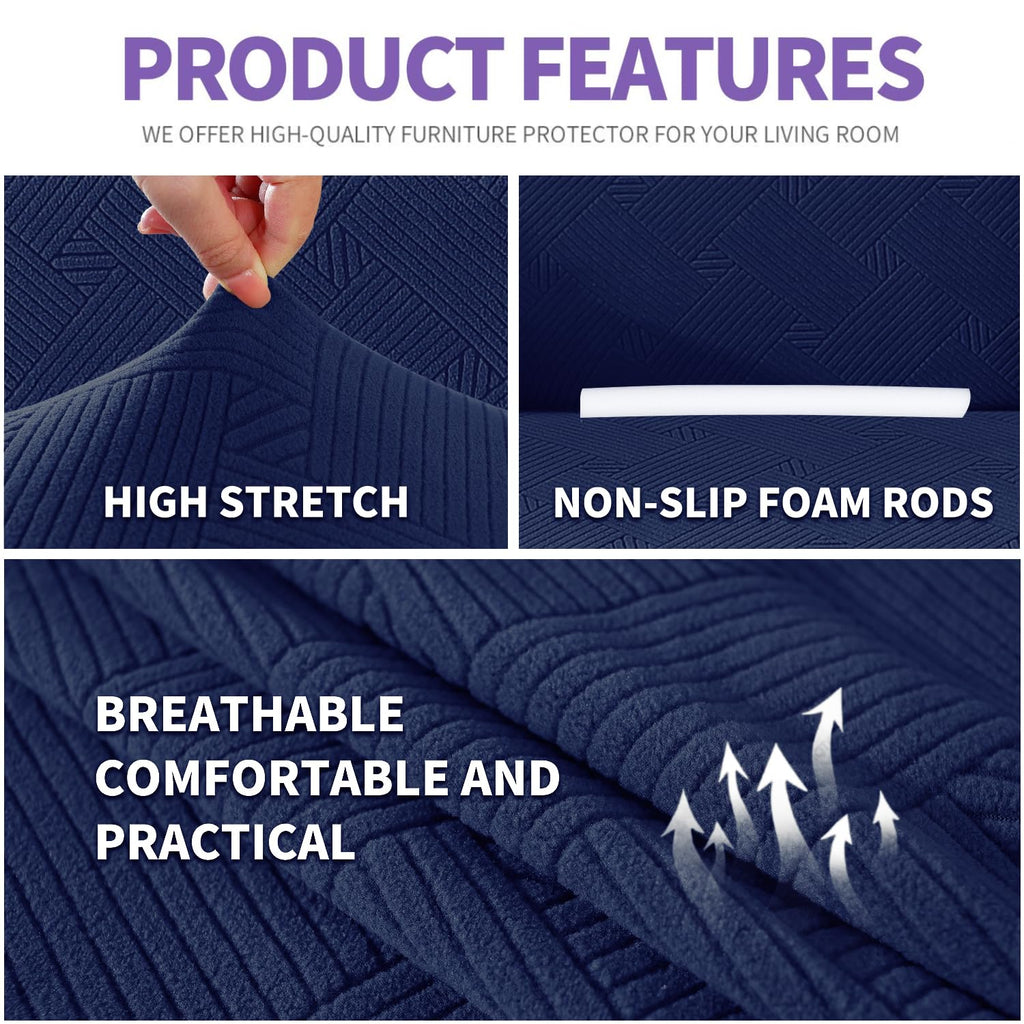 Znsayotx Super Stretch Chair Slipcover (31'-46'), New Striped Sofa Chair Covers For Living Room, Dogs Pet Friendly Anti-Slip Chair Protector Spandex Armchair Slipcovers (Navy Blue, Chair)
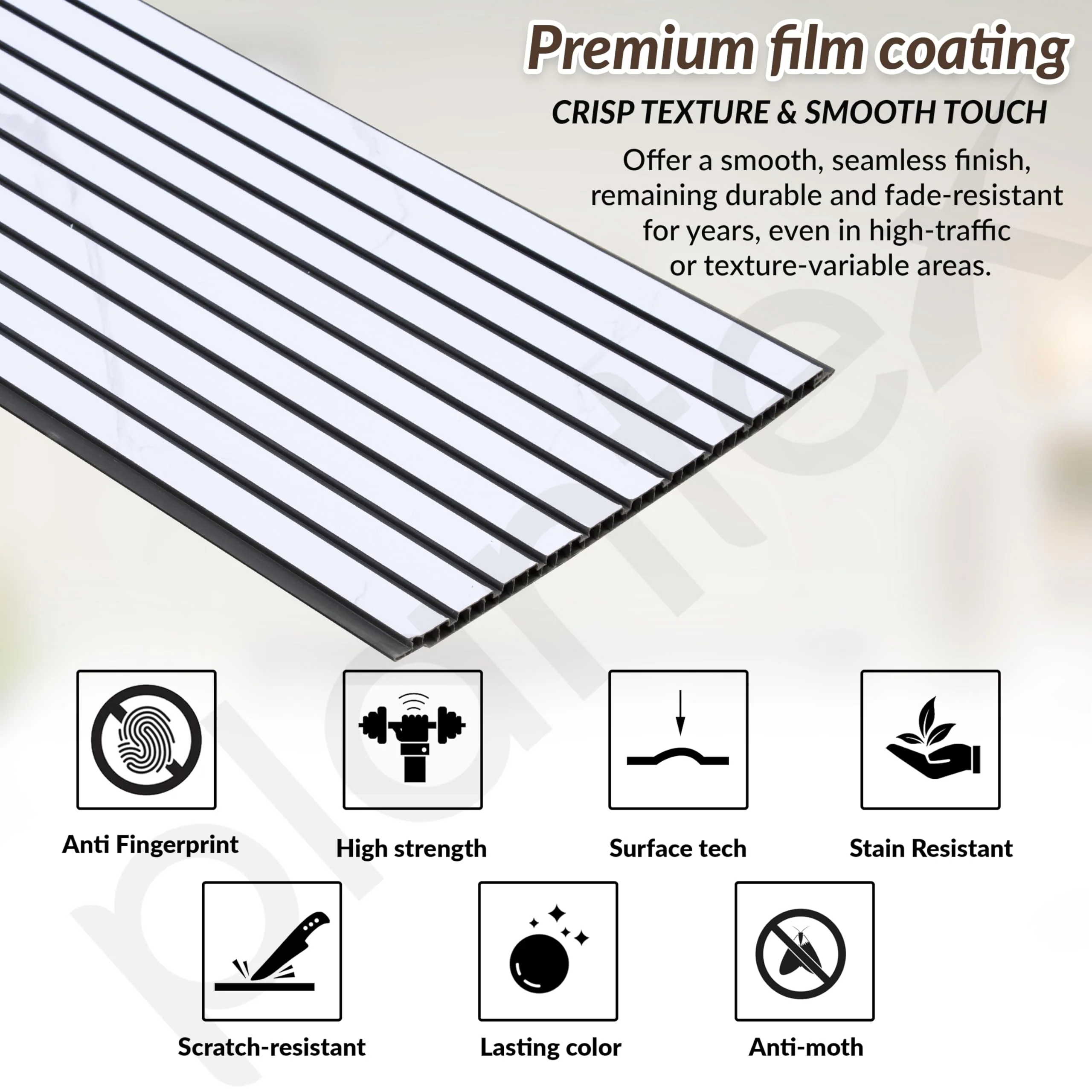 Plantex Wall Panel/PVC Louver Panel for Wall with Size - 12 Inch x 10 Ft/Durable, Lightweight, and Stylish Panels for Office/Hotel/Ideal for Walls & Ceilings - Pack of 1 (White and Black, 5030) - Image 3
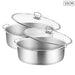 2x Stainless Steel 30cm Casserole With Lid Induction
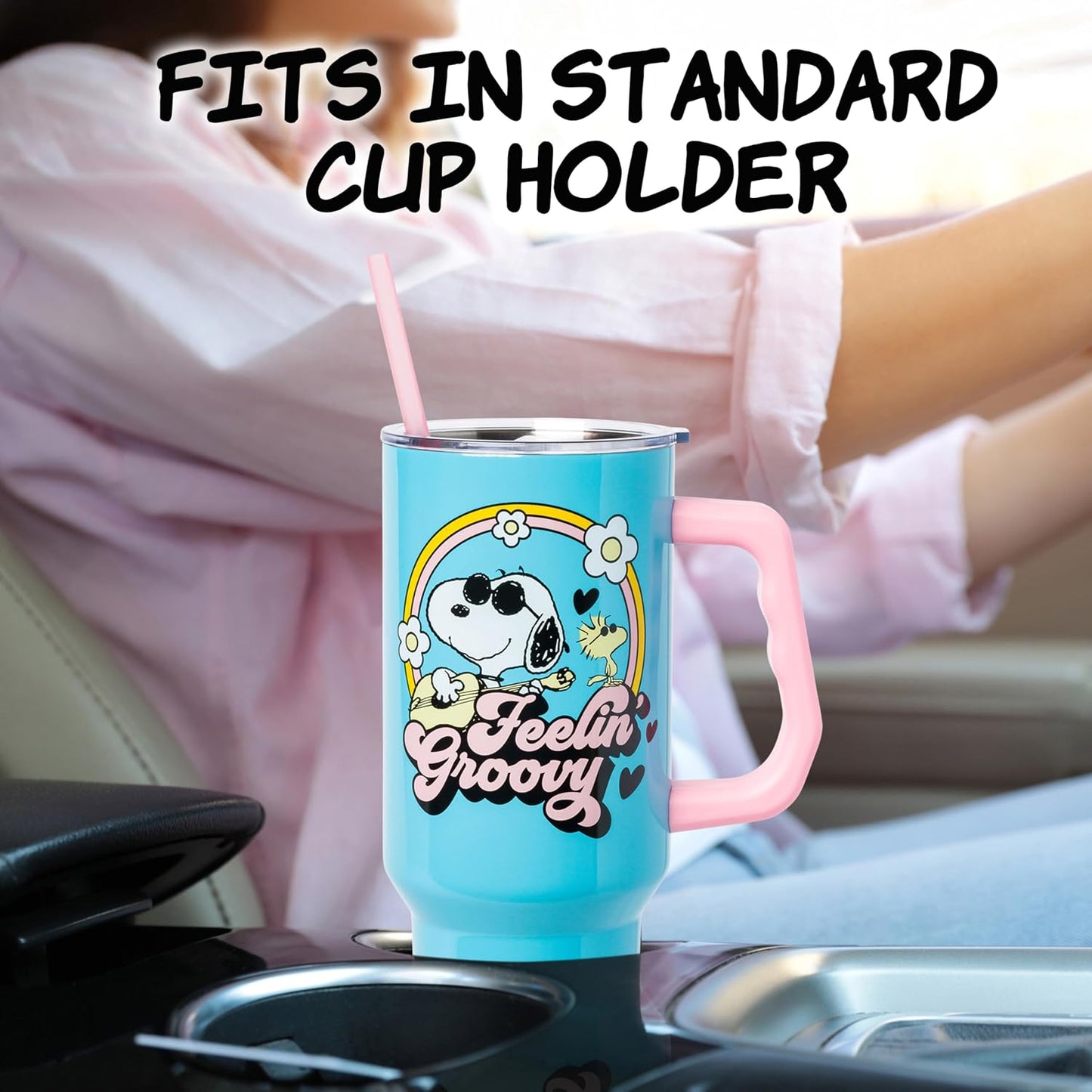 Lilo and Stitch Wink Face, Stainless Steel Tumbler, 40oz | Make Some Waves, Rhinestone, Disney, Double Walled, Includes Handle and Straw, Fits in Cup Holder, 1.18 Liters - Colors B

· · · · · · ·

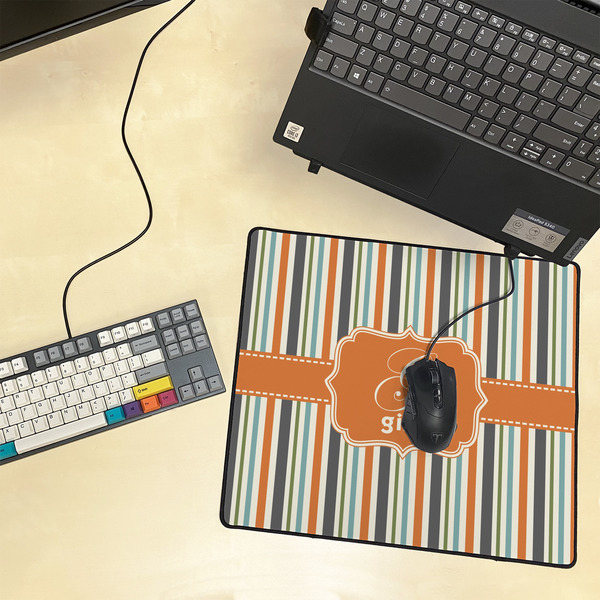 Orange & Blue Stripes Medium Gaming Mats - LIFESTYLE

· · · · · · ·

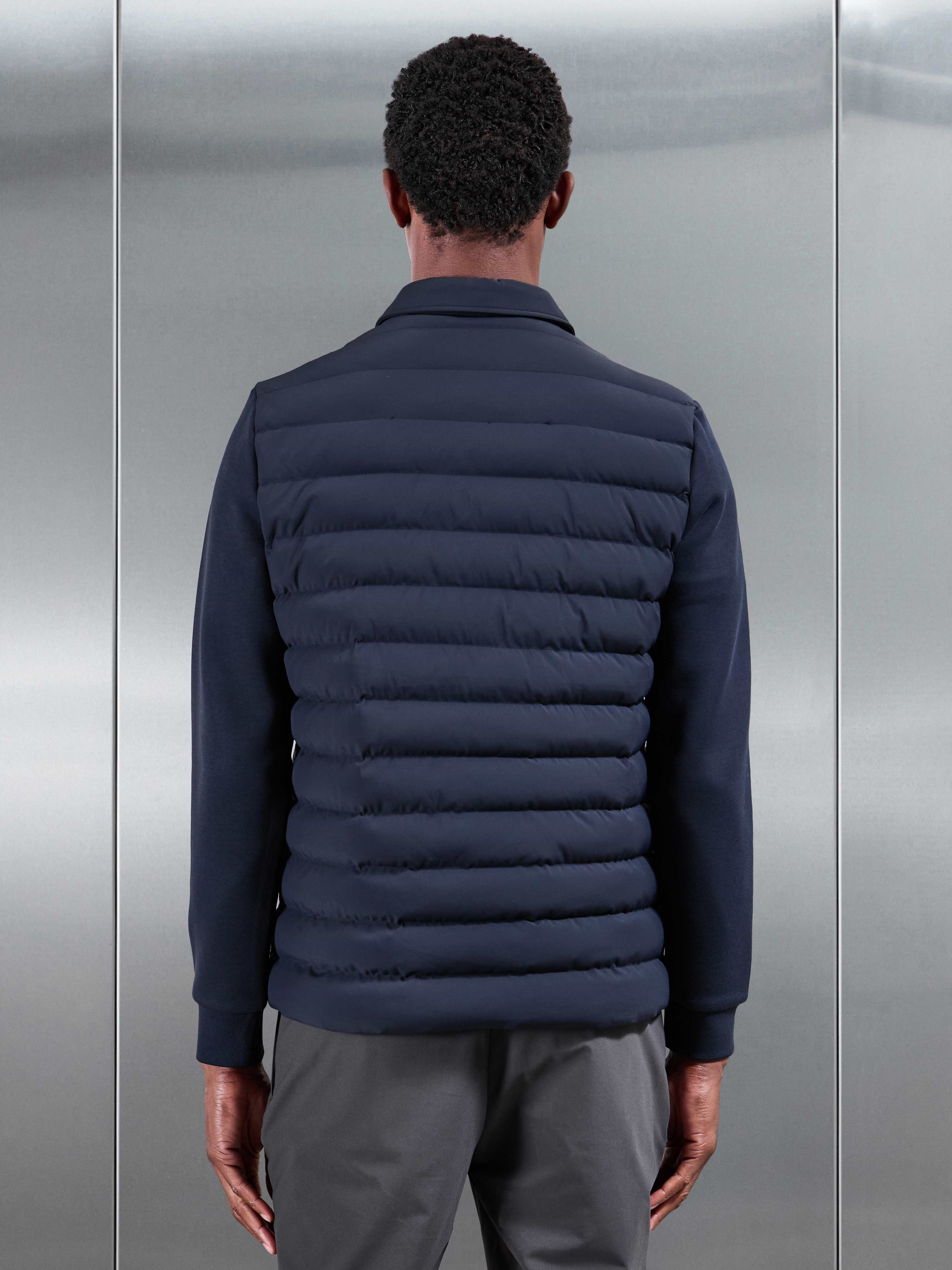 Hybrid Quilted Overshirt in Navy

· · · · · · ·

WHAT YOU HAVE TO DO |
The data above holds the lines to copy: start at the one with "Znsayotx Super Stretch", stop at the one with "Lilo and Stitch", include both, copy them exactly without pictures, and copy nothing else.

ANSWER TO THIS TASK |
 Znsayotx Super Stretch Chair Slipcover (31'-46'), New Striped Sofa Chair Covers For Living Room, Dogs Pet Friendly Anti-Slip Chair Protector Spandex Armchair Slipcovers (Navy Blue, Chair)
 Plantex Wall Panel/PVC Louver Panel for Wall with Size - 12 Inch x 10 Ft/Durable, Lightweight, and Stylish Panels for Office/Hotel/Ideal for Walls & Ceilings - Pack of 1 (White and Black, 5030) - Image 3
 2x Stainless Steel 30cm Casserole With Lid Induction
 Lilo and Stitch Wink Face, Stainless Steel Tumbler, 40oz | Make Some Waves, Rhinestone, Disney, Double Walled, Includes Handle and Straw, Fits in Cup Holder, 1.18 Liters - Colors B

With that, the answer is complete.